I’ve been on record for years now in my position that the Nintendo Switch Joy-Cons are “hand-crampingly small” when being held horizontally, NES-controller style, by adult-sized hands. So I was hopeful that the Switch-compatible replica NES controllers Nintendo announced last week would let me play a variety of old-school Switch games with a full-sized controller, complete with an old-school d-pad and full-sized buttons.
Those hopes have been dashed, as Nintendo-watchers have noticed the following disclaimer on the UK and Australian versions of the Nintendo’s Switch Online information pages (though, oddly enough, not on the US version of the page)
Please note: Nintendo Entertainment System Controllers can only be used while detached from the Nintendo Switch system, and only to play NES – Nintendo Switch Online games [emphasis added]. Nintendo Entertainment System Controllers can be charged by attaching to the Nintendo Switch system.
In its recent Nintendo Direct video presentation, the company only highlighted the controllers’ use with downloadable NES games, and the fine print of that video did state that “Controllers do not include Joy-Con functionality.” Still, these newly spotted Web disclaimers confirm that the special controllers won’t work with any other Switch games.
We can understand why you wouldn’t want to use these replica NES controllers when attached to the system in portable mode—the controllers’ clunky size and odd button placements would make that a hassle. But in docked mode, it would be nice to be able to use these full-sized, old-school controllers in place of the tiny and d-pad-free Joy-Cons for everything from Celeste to Bloodstained: Curse of the Moon.

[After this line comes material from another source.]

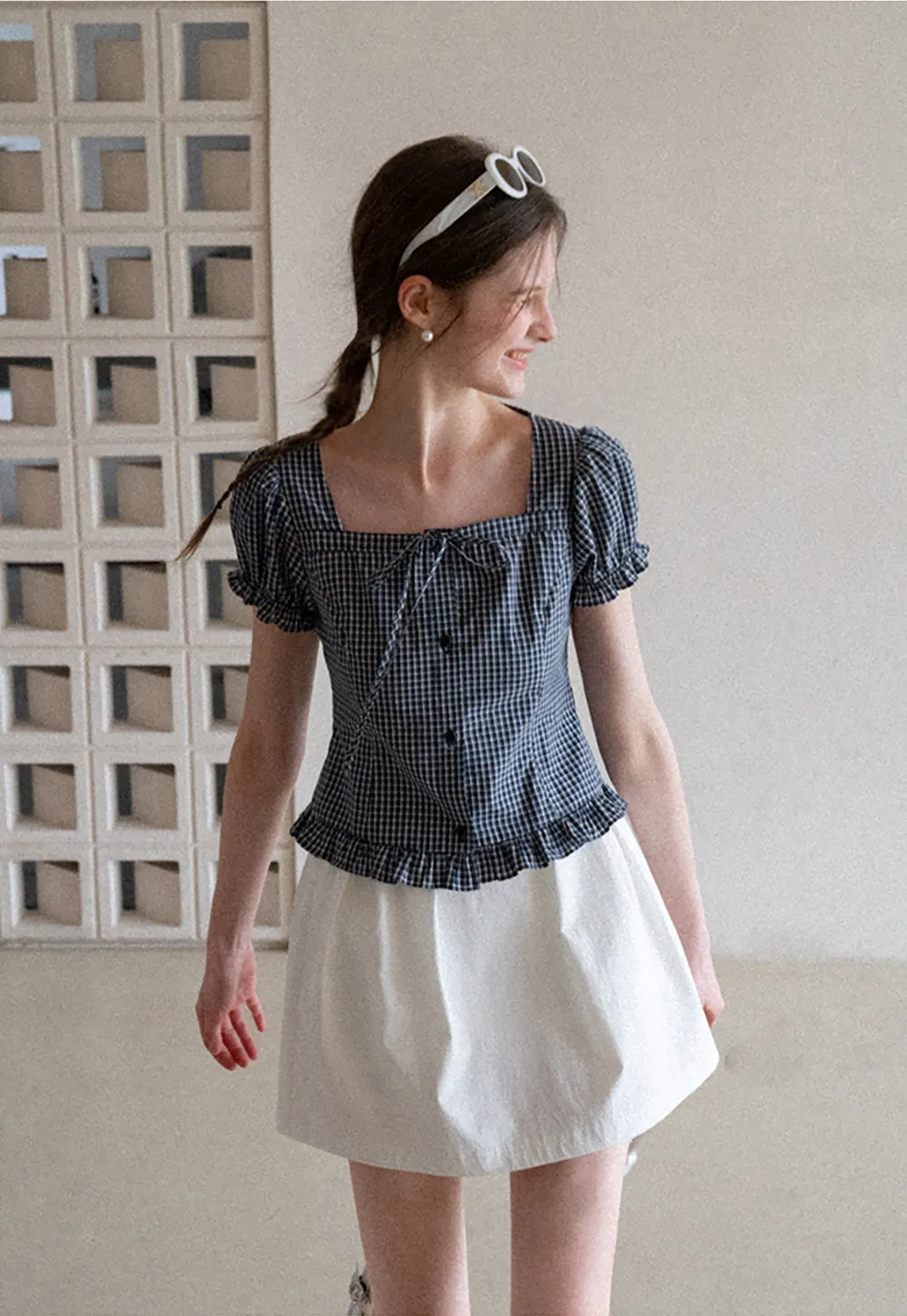 Plaid skirt with pleats and ruffled top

While the replica NES controllers are missing features like analog sticks, rumble, and gyroscopic tilt-sensitivity, there are plenty of games where these features are optional or completely unused. And while the NES controllers don’t have as many buttons as a standard Joy-Con, the two face button and two shoulder buttons would be more than enough for many games (assuming some sort of system-level button configuration tool).

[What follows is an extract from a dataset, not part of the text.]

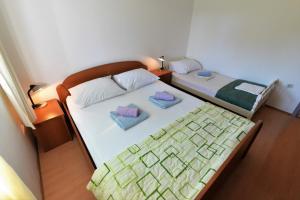 Posteľ alebo postele v izbe v ubytovaní Slanica Murter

It’s quite possible that Nintendo didn’t want its replica NES controllers, which will sell at $ 60 for a pair, to compete with its own Switch Pro Controller, which sells at an MSRP of $ 70. As it stands, the Pro Controller remains the only official way to use a standard d-pad on Switch games, though imperfect third-party solutions do exist.
In any case, potential purchasers should be aware that these special NES controllers can only be used for a handful of classic games, and they will become completely unusable if you stop subscribing to Nintendo’s online service. That makes them more of a novelty than anything else, in our view.